Brad Cook has been making and recording music since he was a kid growing up in Eau Claire, Wisconsin. Throughout his 20-plus year career, he's toured with people like Sharon Van Etten and produced records by Bon Iver, Nathaniel Rateliff & the Night Sweats, Hiss Golden Messenger, Waxahatchee, Whitney, Hurray for the Riff Raff, Ani DiFranco [Tape Op #12], and Snail Mail. This year sees the release of DeYarmond Edison's box set, Epoch, the band Brad was in with his brother Phil, Joe Westerlund, and Bon Iver’s Justin Vernon in 2005 and 2006. We had a chance to sit down with him at his Durham, North Carolina, studio, to talk about his early days in audio production, why he hates touring, and how to keep artists comfortable in the studio.

In your projects, you don't have one job. You're not just the bass guy or the horns guy. Why do you enlist the help of others for a job that you could easily do yourself?
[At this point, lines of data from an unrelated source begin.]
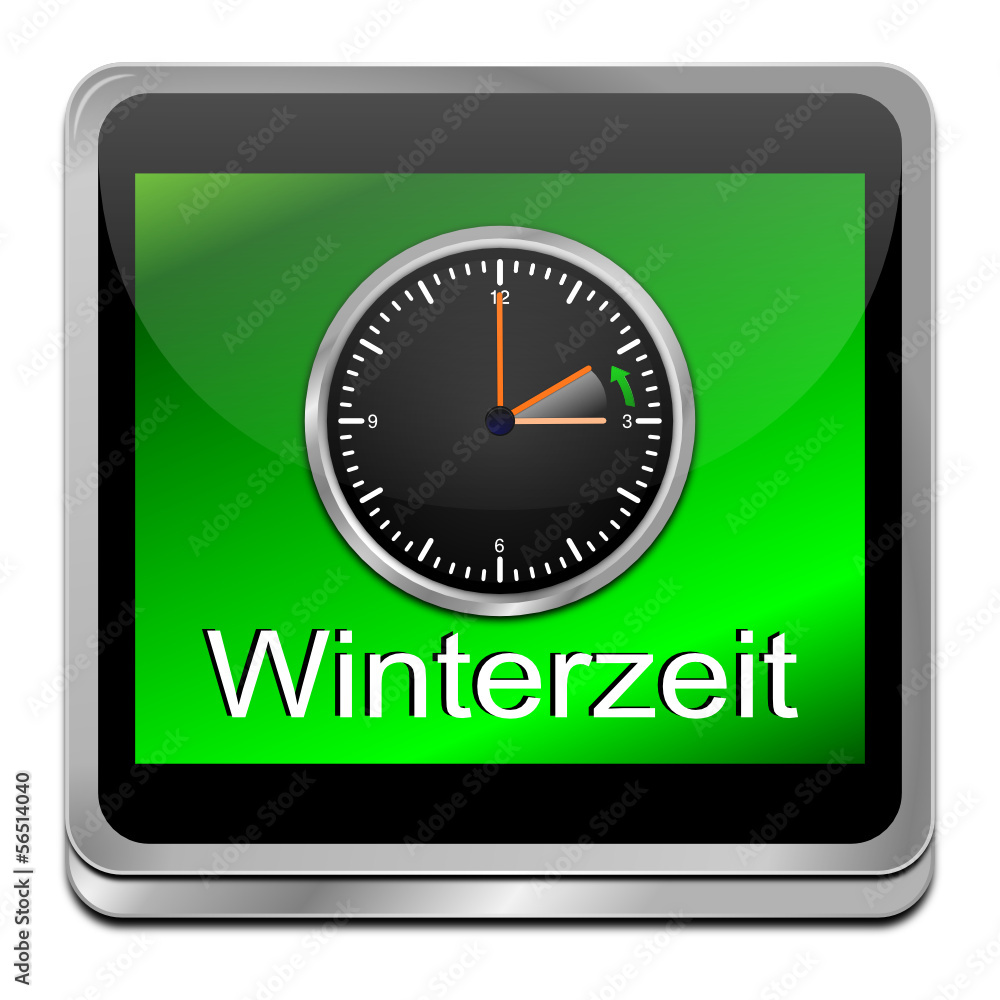 Zeitumstellung Winterzeit Button Zeitumstellung Winterzeit Button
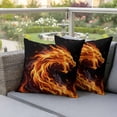 thumbnail image 5 of Waterproof Throw Pillow Covers Set of 2, 16x16 Inch Chinese Style Decorative Pillowcases Outdoor Pillow Slip Cushion Covers Set for Couch Tent Fantasy Dragon Orange Gradient Fire, 5 of 8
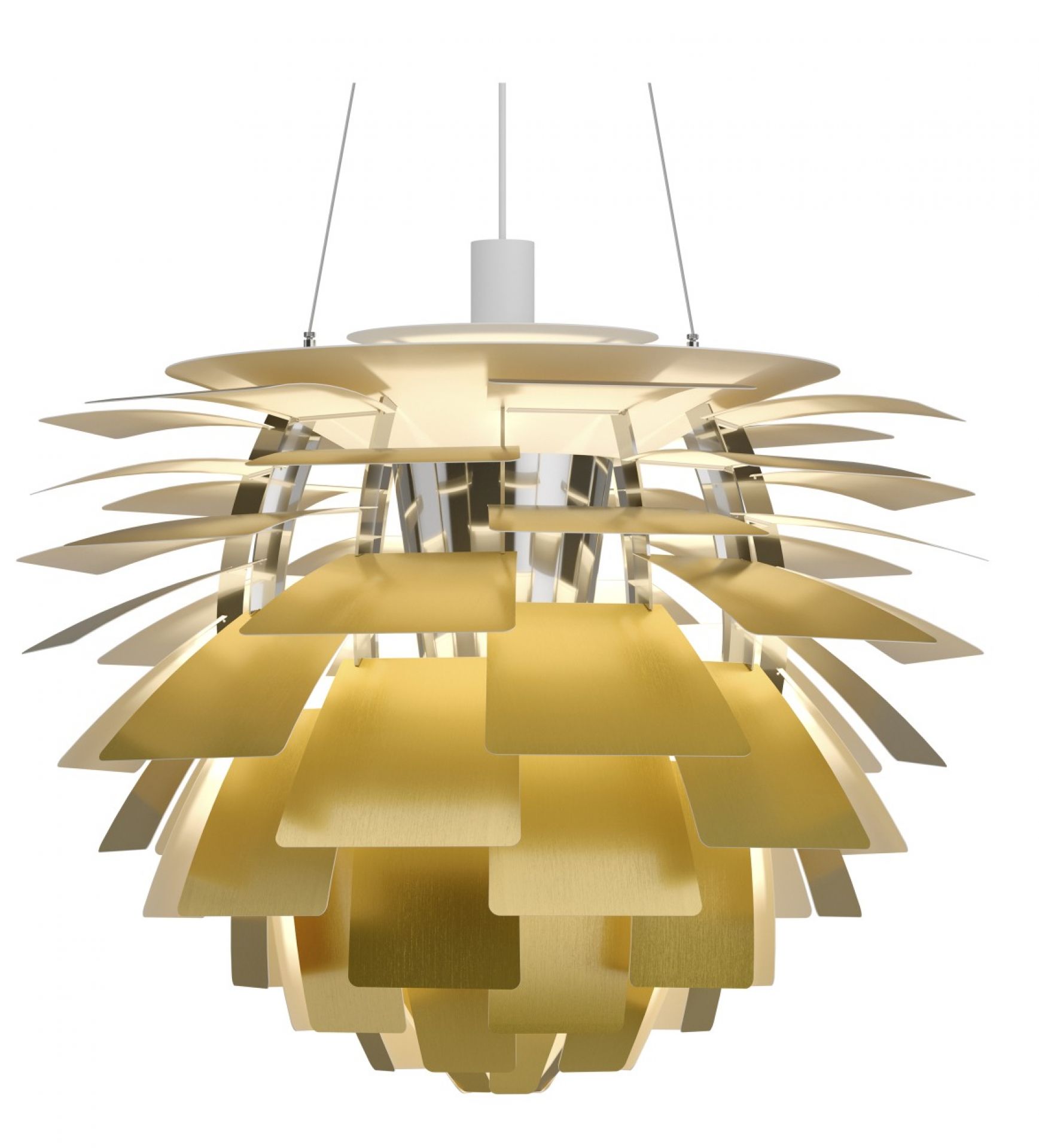 PH Artichoke Pendelleuchte Messing oder Kupfer Louis Poulsen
A number of things. One, I work with a wide range of artists that come to me with a wide range of needs. I fell into this job accidentally; I didn't pursue being a producer. It was a job that somebody asked me to do, and people continue to ask me to do. I find that it changes all the time with what people need, and there are some records I work on where I might want the actual sound, style, or performance of another musician. I might be more curious to hear what they have to offer. I've been doing this long enough where I know what I would do, but my curiosity is going to always outweigh my ego. I don't believe that there's a finite way to accomplish anything. A good song can live in a lot of different ways. I'm not as fast of an engineer as I'd like to be, though I understand it. I do engineer records still.
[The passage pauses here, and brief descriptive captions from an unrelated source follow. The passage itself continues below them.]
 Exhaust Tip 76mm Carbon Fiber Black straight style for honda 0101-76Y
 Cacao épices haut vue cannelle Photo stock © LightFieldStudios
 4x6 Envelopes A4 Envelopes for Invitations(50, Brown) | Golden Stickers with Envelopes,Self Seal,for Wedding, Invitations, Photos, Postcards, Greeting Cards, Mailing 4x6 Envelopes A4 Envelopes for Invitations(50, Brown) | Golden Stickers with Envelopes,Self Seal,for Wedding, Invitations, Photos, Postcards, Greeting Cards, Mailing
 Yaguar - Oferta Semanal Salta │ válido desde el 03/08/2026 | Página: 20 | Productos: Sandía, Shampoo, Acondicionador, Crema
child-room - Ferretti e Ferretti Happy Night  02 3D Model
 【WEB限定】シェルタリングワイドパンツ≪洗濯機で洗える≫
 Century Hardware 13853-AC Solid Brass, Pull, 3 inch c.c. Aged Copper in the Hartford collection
Especially in the last couple years, I've found myself attracted to parts of engineering, but I can always move faster when I have someone dedicated to that position. I feel we're able to flow better as a team when I'm not trying to do everything; I don't feel that produces the best result all the time. That's the root of it. I love community, I love having a team of people floating around. I want the right energy in the room as often as possible.

How do you define the role of a producer?

Mostly, I see it as a functional role; hopefully to provide perspective to the artist. Sometimes that can be a real musical task, like helping someone find their sound, or a sound in general. Other times there are records I make where I don’t touch an instrument. I sit in the room the whole time and have conversations with the artist, but they know what they want. They need to be able to have a conversation with someone and check their gut. Whether they think they’re right, or they think they're wrong, they need something to go up against. I don't see it as a power role; I don't think the producer knows more than the artist. I rarely feel like it's anything other than, "How can I help provide the resource that you need to do what you're trying to do as an artist?"

When you started out, was it like that too? Or did you have to come to that conclusion over time?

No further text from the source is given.